← Back to Portfolio

WUnderground Data Scraping

Technologies Used

Python Selenium Pandas Scikit-learn PowerBI

Overview

This project is a Python-based Jupyter Notebook that executes a full data science workflow: collecting hourly weather data for Pasay City from Weather Underground, cleaning and preparing it for analysis, visualizing it in PowerBI, and building a machine learning model to predict temperature.

Workflow

  1. Data Acquisition: The get_data(month, day) function uses Selenium to navigate a Chrome instance to the correct URL for each day. After a pause to allow JavaScript rendering, BeautifulSoup parses the page source (driver.page_source) to find the main observation table and iterates through its rows (<tr>) and cells (<td>) to extract data points into lists.
  2. Data Cleaning: The raw lists are converted into a Pandas DataFrame. Cleaning involves using regex to standardize formats, dropping rows with any NaN values using .dropna(), and removing anomalous rows where atmospheric pressure is “0”.
  3. Data Visualization (PowerBI): The cleaned CSV is imported into PowerBI to create dashboards that reveal trends, such as the V-shaped daily humidity pattern and the consistent atmospheric pressure values.
  4. Model Building: A LinearRegression model from Scikit-learn is used. Categorical features like ‘Wind’ and ‘Condition’ are numerically encoded.
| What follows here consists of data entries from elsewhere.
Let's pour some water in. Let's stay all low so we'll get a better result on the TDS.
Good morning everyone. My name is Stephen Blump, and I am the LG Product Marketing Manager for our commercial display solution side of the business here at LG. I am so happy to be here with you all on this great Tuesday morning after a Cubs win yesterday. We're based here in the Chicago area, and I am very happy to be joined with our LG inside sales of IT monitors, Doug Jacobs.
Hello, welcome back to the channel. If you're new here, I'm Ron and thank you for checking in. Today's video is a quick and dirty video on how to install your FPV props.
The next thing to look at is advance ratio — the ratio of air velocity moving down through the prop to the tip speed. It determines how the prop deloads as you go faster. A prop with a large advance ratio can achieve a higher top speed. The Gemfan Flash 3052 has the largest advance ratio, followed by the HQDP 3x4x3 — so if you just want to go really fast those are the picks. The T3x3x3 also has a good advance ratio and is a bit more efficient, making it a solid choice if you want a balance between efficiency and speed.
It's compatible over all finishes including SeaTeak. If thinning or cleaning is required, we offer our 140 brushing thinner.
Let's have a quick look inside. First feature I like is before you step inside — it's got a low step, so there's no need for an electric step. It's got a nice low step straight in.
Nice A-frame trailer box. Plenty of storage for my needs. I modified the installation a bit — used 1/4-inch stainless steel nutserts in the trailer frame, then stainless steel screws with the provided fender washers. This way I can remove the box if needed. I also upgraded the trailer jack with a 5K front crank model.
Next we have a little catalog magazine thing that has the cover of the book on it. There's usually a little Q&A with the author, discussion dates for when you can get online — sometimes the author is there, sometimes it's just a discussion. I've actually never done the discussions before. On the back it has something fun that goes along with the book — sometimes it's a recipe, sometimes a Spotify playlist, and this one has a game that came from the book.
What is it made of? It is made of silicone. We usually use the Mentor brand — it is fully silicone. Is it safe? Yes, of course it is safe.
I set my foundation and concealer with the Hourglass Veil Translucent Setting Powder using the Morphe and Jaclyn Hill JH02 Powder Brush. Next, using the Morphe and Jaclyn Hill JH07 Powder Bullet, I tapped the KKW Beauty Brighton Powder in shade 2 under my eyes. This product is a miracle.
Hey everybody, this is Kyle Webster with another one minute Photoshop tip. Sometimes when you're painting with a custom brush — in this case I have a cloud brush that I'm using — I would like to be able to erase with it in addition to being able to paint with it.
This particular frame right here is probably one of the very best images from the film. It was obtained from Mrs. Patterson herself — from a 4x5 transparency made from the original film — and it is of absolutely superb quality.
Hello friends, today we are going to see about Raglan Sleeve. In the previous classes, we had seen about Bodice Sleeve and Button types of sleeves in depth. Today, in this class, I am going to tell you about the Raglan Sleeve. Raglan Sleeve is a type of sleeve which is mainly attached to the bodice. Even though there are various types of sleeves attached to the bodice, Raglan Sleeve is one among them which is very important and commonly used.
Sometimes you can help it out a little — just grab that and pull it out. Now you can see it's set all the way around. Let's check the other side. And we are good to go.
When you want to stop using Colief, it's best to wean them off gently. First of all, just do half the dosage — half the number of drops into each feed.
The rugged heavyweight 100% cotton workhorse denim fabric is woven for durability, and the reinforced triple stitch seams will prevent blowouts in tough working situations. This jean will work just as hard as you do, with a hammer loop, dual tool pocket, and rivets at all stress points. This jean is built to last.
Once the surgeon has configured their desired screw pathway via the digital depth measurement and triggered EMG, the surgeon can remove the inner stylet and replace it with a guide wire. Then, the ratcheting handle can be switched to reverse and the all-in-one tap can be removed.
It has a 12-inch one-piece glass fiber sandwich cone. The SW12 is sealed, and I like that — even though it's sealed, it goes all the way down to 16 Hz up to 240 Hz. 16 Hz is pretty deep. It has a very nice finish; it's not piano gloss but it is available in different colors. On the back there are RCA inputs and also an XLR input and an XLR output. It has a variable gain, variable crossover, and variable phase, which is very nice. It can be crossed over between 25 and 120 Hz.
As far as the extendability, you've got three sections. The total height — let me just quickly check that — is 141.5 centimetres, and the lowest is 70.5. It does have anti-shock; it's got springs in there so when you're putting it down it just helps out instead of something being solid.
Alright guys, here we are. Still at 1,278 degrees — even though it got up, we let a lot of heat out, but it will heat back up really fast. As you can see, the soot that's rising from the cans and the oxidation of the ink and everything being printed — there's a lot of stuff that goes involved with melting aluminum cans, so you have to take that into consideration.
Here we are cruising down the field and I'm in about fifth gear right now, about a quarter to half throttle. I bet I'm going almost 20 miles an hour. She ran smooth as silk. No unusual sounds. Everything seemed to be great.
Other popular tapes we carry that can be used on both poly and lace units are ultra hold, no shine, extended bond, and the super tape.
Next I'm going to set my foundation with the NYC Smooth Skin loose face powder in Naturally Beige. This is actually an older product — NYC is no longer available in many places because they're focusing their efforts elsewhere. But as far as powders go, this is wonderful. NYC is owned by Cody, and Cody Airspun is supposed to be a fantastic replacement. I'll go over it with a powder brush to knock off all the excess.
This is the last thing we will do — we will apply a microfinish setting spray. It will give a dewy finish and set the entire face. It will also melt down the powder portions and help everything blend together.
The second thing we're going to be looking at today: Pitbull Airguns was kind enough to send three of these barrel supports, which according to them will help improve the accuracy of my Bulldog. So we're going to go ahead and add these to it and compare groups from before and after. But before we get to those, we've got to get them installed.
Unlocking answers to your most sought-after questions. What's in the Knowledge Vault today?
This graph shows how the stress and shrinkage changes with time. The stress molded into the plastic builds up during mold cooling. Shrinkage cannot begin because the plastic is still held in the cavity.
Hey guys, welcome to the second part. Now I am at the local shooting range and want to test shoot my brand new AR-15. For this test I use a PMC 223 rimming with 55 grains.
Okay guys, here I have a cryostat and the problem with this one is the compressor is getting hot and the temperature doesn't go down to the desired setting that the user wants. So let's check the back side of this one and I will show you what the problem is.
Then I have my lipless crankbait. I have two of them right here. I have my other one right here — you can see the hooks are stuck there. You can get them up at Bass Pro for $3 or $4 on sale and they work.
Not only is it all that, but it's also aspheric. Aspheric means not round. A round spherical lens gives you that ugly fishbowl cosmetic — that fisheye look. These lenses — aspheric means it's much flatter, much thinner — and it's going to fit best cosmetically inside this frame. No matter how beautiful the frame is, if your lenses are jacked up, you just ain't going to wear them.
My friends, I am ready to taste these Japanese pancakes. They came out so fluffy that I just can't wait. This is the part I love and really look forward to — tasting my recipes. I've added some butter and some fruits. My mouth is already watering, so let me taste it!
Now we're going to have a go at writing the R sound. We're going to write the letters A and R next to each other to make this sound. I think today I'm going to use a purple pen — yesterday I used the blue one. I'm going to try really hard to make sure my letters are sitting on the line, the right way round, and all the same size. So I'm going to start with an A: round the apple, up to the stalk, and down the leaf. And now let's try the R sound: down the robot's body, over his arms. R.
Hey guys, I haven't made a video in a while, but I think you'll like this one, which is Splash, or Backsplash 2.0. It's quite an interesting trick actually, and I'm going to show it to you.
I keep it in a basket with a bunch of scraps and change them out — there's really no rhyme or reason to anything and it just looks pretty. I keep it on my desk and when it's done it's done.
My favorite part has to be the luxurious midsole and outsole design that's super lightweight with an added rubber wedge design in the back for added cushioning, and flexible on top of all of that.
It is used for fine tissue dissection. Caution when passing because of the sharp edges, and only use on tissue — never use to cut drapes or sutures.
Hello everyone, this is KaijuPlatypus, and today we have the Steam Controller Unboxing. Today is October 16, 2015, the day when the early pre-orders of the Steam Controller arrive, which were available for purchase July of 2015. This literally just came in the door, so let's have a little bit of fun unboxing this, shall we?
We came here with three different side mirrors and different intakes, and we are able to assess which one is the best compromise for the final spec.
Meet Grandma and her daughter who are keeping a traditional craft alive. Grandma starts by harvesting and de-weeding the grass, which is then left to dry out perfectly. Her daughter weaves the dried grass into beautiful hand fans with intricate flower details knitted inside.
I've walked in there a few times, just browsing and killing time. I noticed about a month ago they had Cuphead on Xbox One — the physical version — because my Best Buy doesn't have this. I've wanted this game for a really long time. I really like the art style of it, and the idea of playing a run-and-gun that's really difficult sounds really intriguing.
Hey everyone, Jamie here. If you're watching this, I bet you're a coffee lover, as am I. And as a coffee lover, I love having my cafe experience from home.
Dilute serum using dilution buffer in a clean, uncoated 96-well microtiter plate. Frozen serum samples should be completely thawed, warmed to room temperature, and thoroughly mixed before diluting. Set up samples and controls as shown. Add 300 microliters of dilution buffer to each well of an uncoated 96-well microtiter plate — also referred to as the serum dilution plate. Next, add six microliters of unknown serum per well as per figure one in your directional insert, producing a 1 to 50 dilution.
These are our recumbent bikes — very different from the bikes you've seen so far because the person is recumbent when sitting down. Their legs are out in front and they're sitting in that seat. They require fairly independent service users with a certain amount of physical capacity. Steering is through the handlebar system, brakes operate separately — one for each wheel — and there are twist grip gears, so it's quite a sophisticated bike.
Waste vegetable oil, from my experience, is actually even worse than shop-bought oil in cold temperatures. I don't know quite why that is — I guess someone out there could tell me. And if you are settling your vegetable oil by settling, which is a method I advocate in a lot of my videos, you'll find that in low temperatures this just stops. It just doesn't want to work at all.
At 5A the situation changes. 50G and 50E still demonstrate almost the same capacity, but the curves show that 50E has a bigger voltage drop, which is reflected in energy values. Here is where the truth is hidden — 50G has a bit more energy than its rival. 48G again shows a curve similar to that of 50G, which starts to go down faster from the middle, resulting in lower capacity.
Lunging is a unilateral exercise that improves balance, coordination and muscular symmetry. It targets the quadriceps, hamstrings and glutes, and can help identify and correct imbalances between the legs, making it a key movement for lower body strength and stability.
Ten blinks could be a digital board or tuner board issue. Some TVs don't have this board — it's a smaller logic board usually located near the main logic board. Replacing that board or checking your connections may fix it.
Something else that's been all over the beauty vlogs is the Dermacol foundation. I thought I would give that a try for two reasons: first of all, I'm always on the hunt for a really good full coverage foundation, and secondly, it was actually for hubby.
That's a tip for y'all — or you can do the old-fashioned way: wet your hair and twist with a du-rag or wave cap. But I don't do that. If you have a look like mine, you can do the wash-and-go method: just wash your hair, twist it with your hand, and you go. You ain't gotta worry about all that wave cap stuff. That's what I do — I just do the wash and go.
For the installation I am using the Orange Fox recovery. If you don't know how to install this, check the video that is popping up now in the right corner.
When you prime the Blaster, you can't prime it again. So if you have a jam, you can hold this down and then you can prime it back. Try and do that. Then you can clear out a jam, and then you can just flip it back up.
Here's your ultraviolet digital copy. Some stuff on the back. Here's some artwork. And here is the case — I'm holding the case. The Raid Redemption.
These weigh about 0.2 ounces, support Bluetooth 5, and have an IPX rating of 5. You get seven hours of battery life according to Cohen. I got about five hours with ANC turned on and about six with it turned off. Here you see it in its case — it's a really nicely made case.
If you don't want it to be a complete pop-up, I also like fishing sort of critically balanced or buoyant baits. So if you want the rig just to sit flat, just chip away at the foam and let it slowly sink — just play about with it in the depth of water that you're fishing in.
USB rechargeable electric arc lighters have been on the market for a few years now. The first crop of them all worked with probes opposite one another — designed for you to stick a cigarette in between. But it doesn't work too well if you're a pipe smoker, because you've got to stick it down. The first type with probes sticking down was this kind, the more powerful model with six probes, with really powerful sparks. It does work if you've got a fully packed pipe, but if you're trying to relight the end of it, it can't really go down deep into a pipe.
The data is split into training and testing sets using train_test_split, and the model is trained on the training data.
  5. Model Evaluation: The model’s performance is evaluated on the test set using Mean Squared Error (MSE), which was 0.2135, and R-squared (R2), which was 0.6177. This R2 score indicates that the model can explain about 61.8% of the variability in temperature, suggesting moderate predictive accuracy.